Task brief >>
Return each line exactly, from the one that has "HAIRSTORY D686 SHIMMER" through the end of the entries, both ends included. Pictures do not belong.

Data for this exercise >>

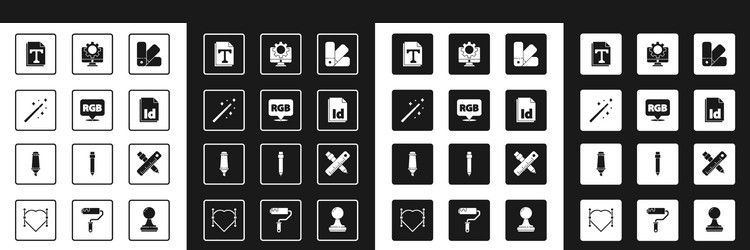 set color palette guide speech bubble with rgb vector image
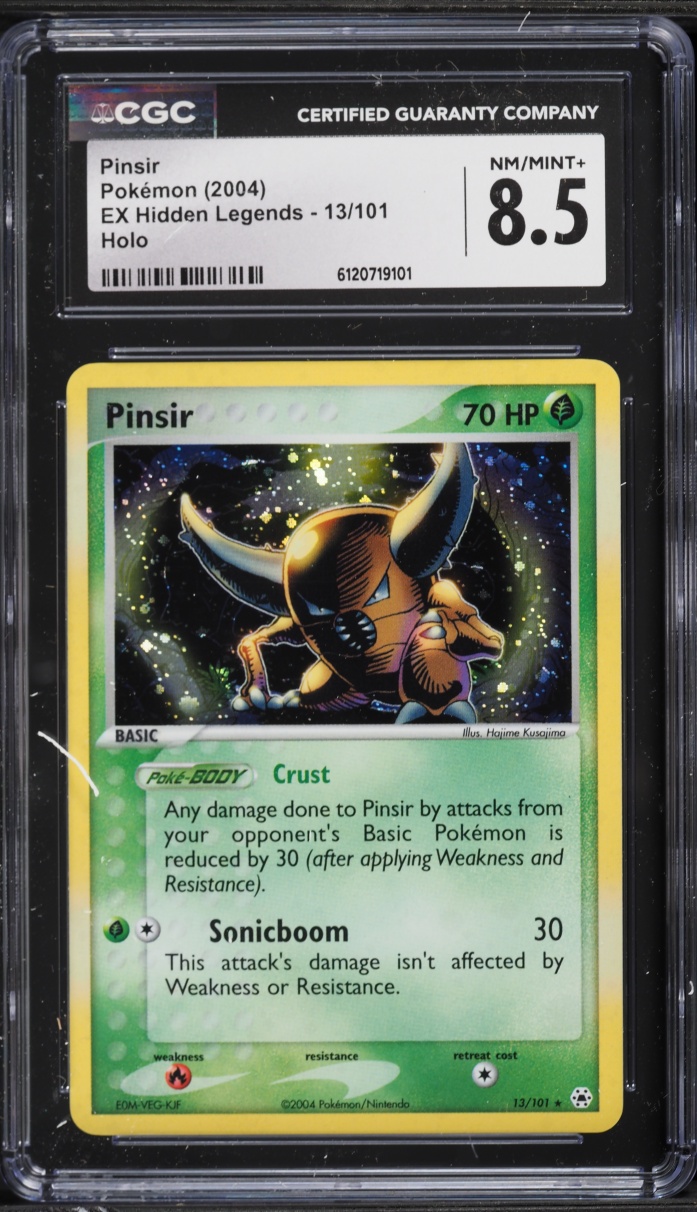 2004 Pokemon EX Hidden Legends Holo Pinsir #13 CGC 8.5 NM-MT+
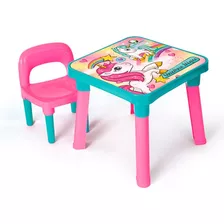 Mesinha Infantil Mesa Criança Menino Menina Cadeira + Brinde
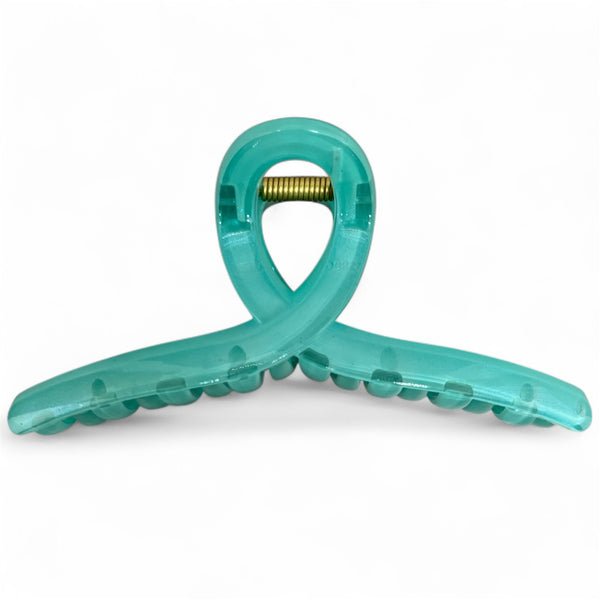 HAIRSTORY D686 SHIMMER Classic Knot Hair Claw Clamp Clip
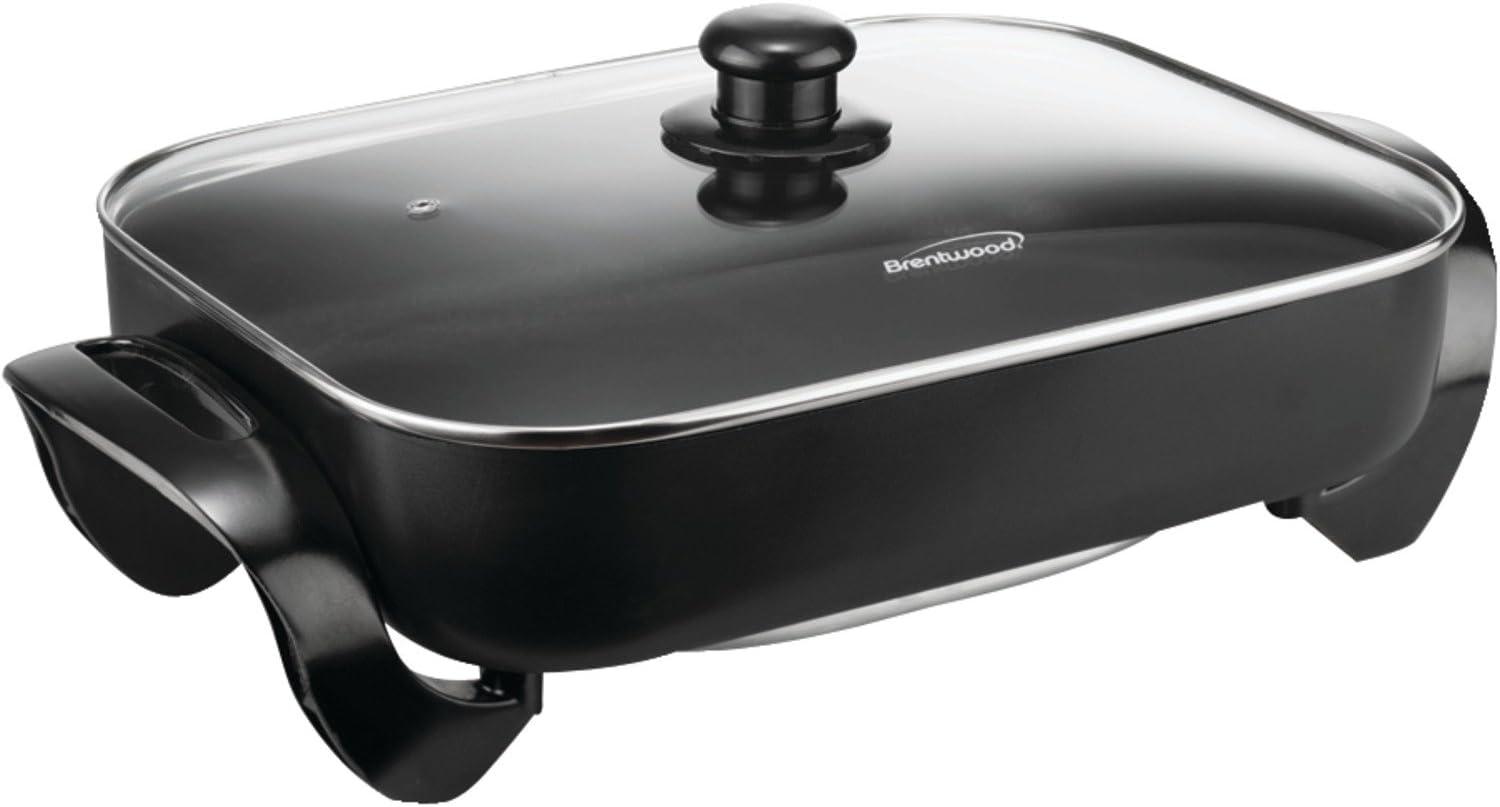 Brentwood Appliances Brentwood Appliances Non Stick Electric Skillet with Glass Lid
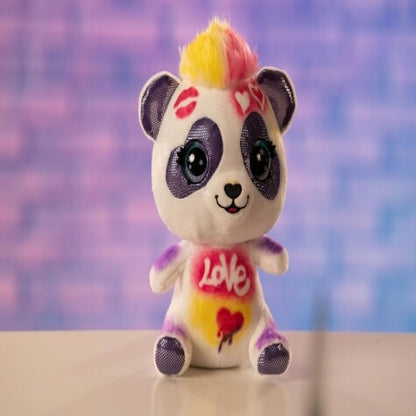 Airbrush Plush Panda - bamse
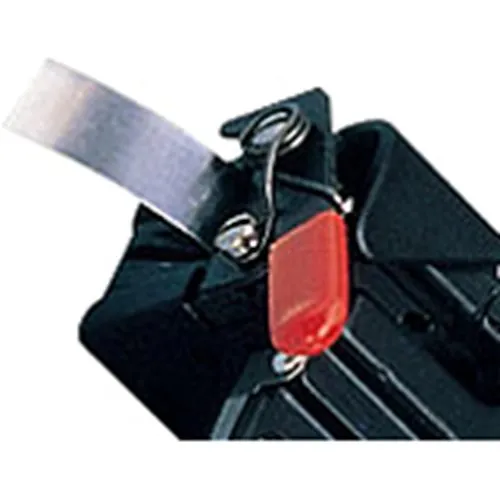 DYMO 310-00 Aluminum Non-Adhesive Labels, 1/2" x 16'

Solution below >>
 HAIRSTORY D686 SHIMMER Classic Knot Hair Claw Clamp Clip
 Brentwood Appliances Brentwood Appliances Non Stick Electric Skillet with Glass Lid
 Airbrush Plush Panda - bamse
 DYMO 310-00 Aluminum Non-Adhesive Labels, 1/2" x 16'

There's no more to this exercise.